5月9日より東京・渋谷のユーロスペースにて公開されるドキュメンタリー映画『チョコラ!』。「チョコラ(chokora)」とは、スワヒリ語で「拾う」を意味する言葉だが、転じて、鉄くずやプラスチィクを集めたり、物乞いや小間使いをしながら生きるストリートチルドレンをさげすんで呼ぶ場合にも使われる。この映画は、このタイトルが示しているように、ケニアの首都ナイロビ(Nairobi)の中心部から北東約45Kmに位置する人口約10万人の街ティカ(Thika)を舞台に、この街で暮らすストリートチルドレンの姿を撮っている。
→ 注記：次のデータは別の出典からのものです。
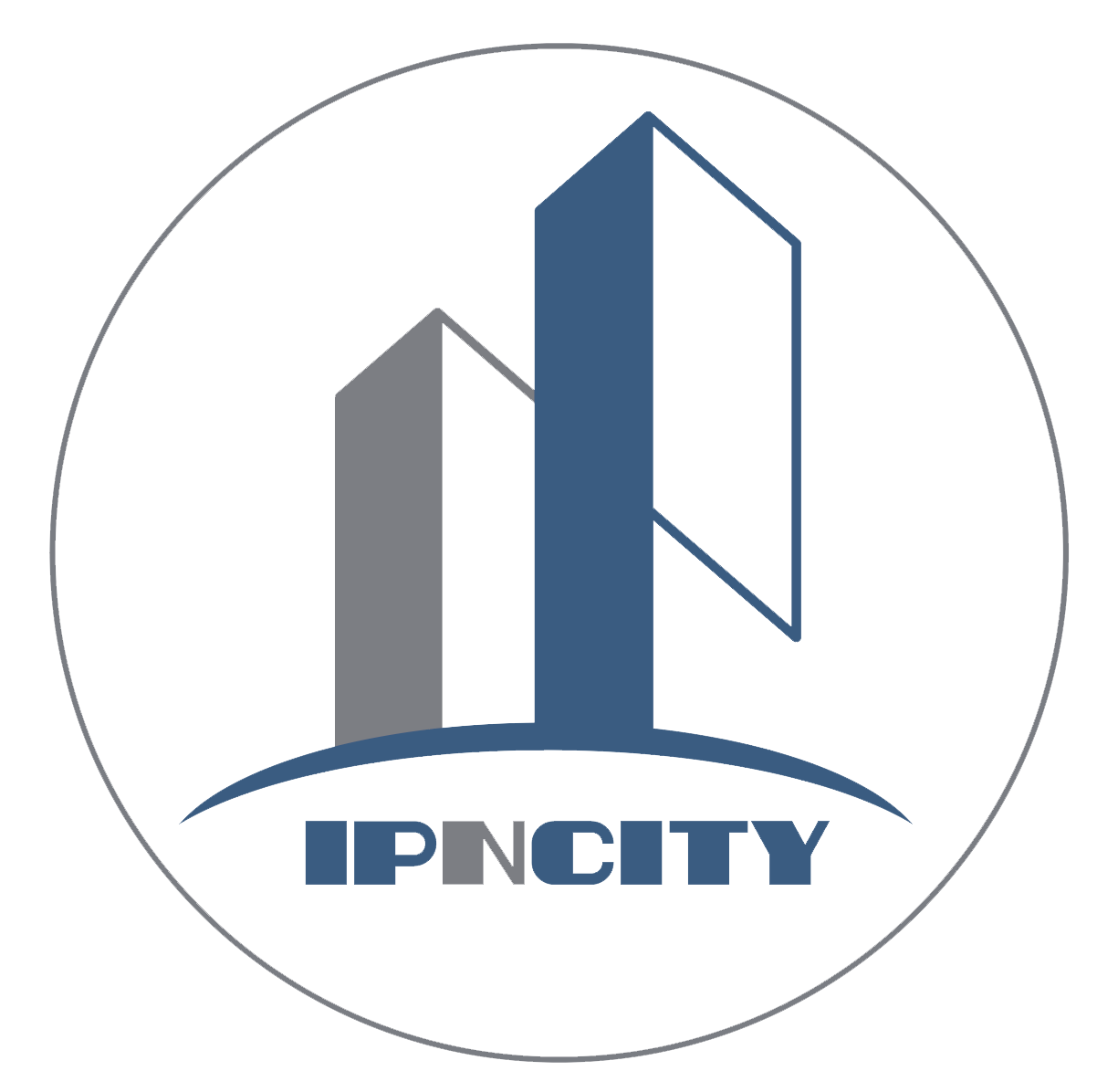 IPNCITY Logo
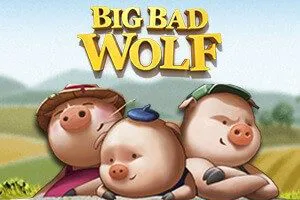 Big Bad Wolf (Quickspin) - ZENPLAY77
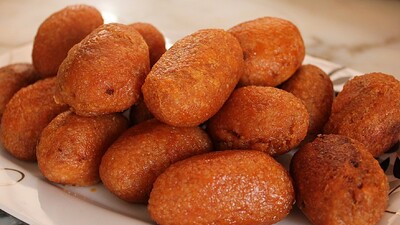 Antep usulü içli köfte nasıl yapılır?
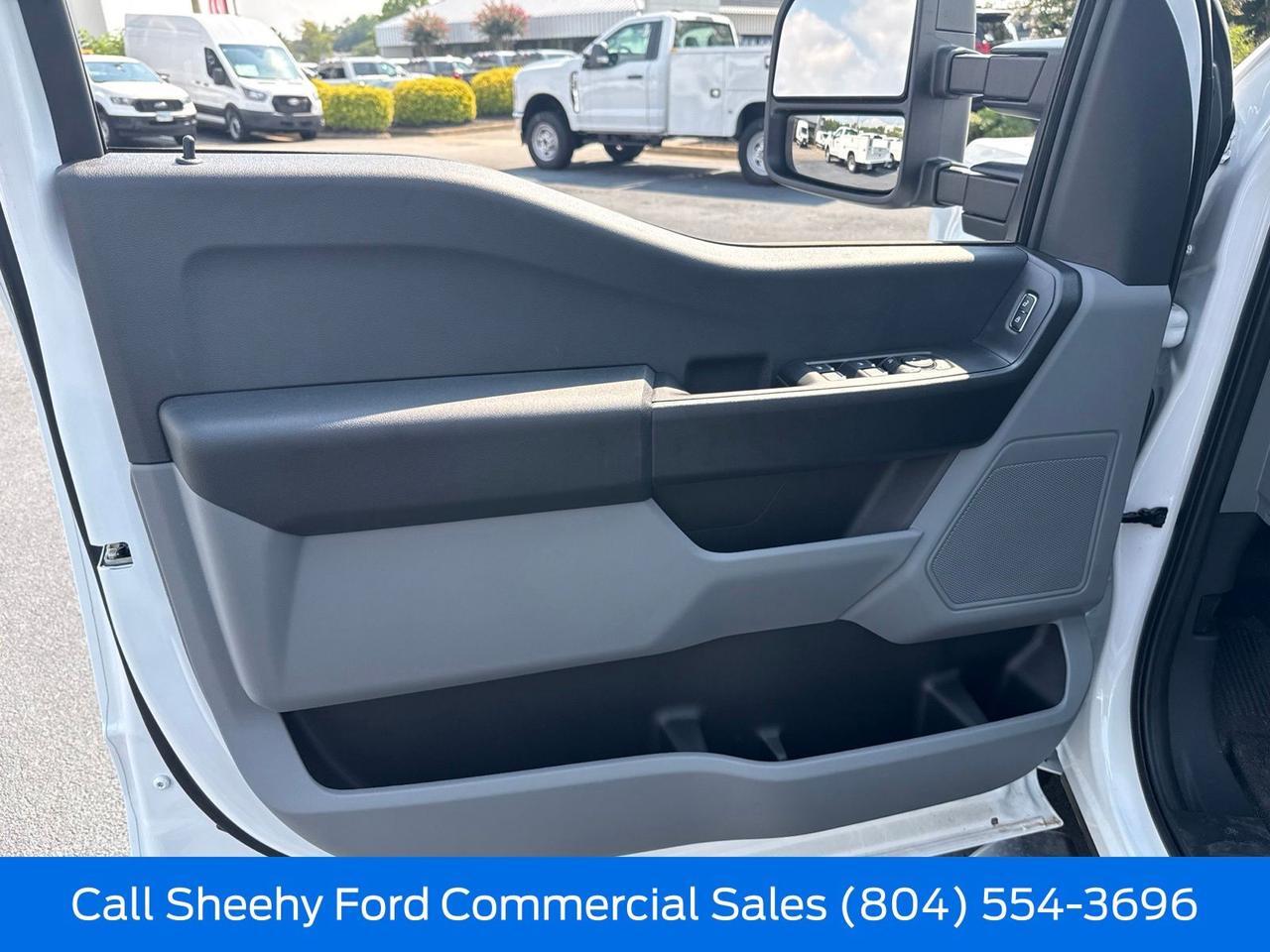 2026 Ford F-350SD XL Richmond VA
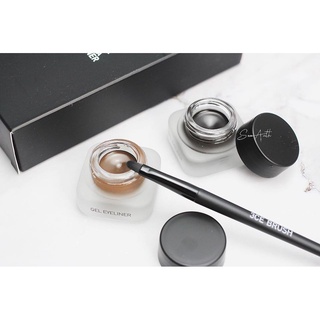 GEL KẺ MẮT 3CE GEL EYELINER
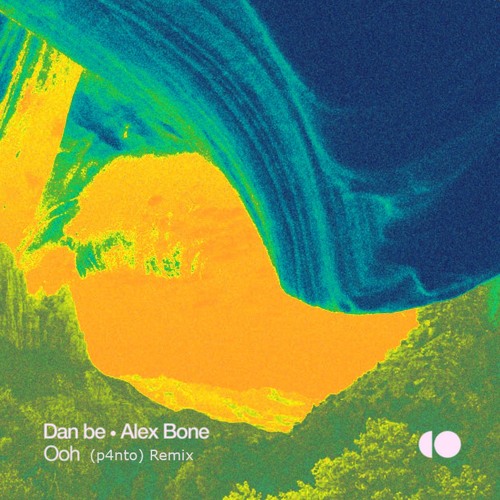 Dan be & Alex Bone - Ooh (p4nto) Remix Fun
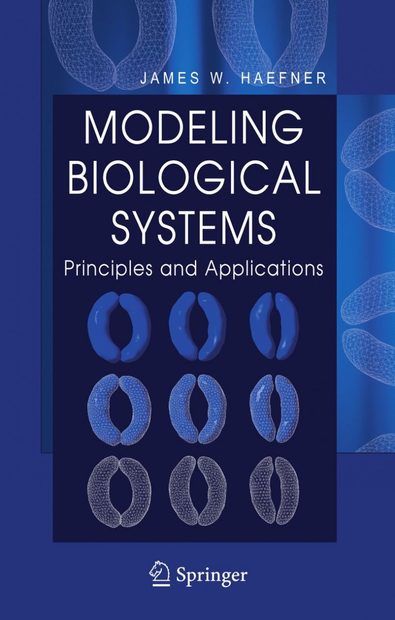 Modeling Biological Systems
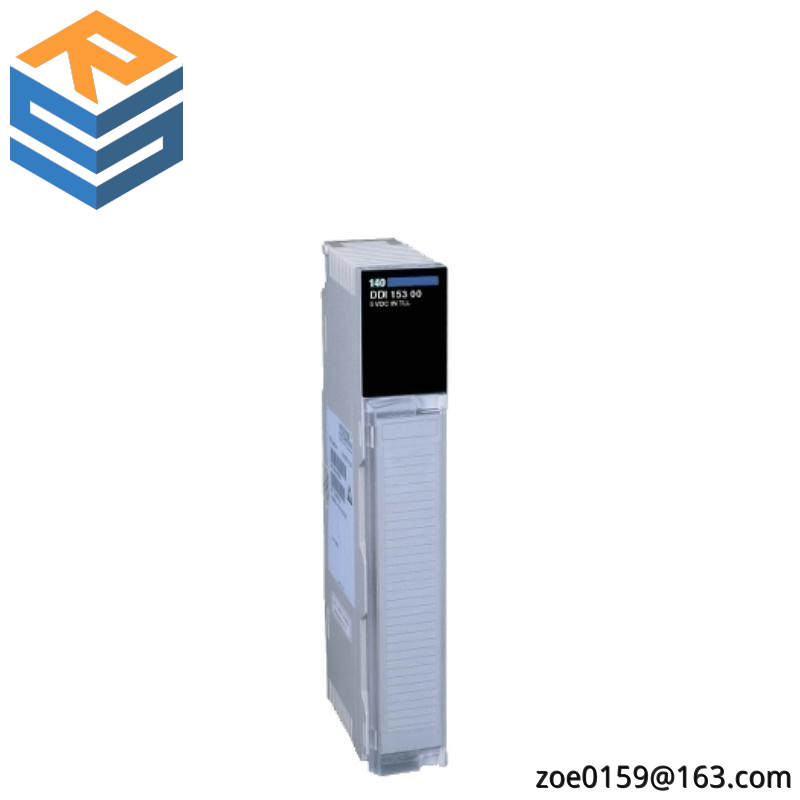 Schneider 140DSI35300 discrete input module Modicon Quantum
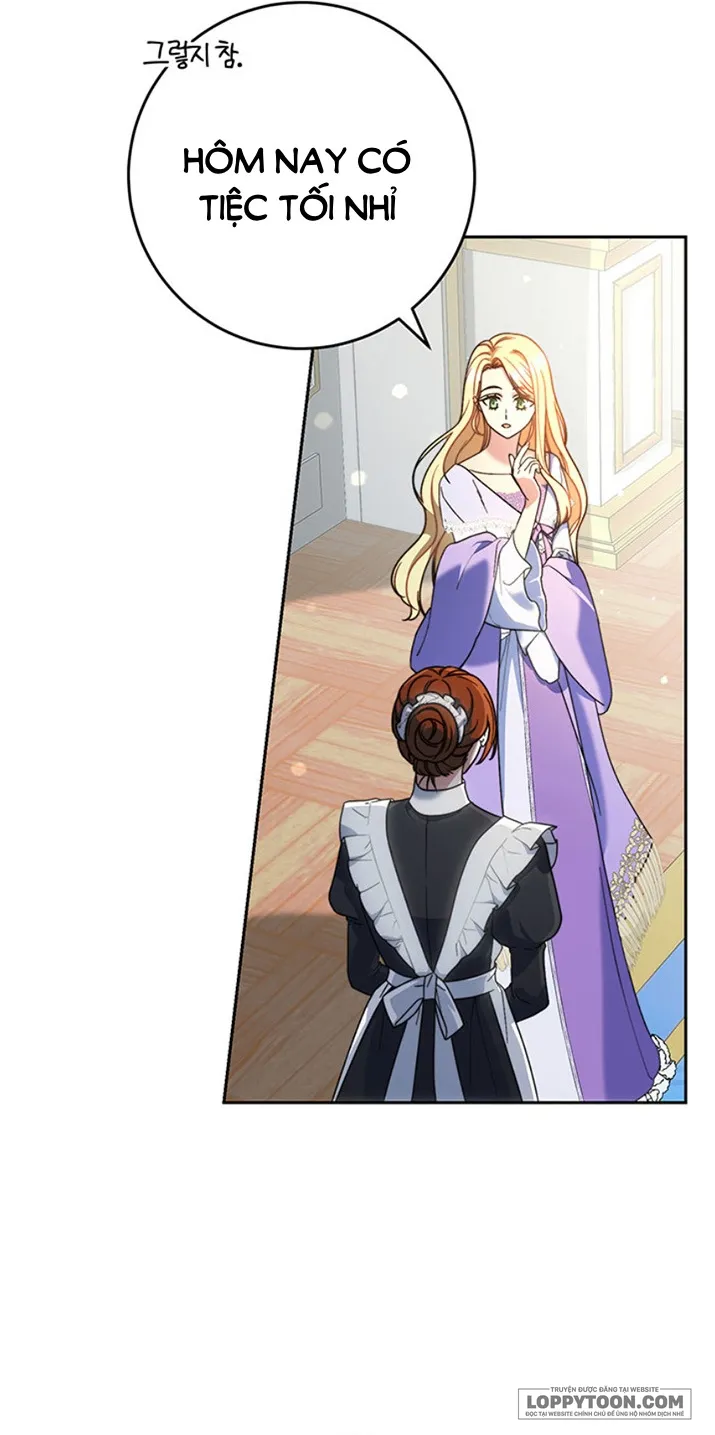 Nuôi Dưỡng Em Gái Xinh Đẹp - Chap 15 - Trang 17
このように説明すると本作品の内容について、どうしても貧困や悲惨さと結びついたある固定的なイメージが想定されてしまうかもしれない。だが本作品は、ティカで暮らすストリートチルドレンの多様な姿をありのままに撮ることによって、この固定的なイメージとは異なり、貧困ではあっても、ケニアのストリートを舞台に、子どもたちの生きている時間を描き出すものになっている。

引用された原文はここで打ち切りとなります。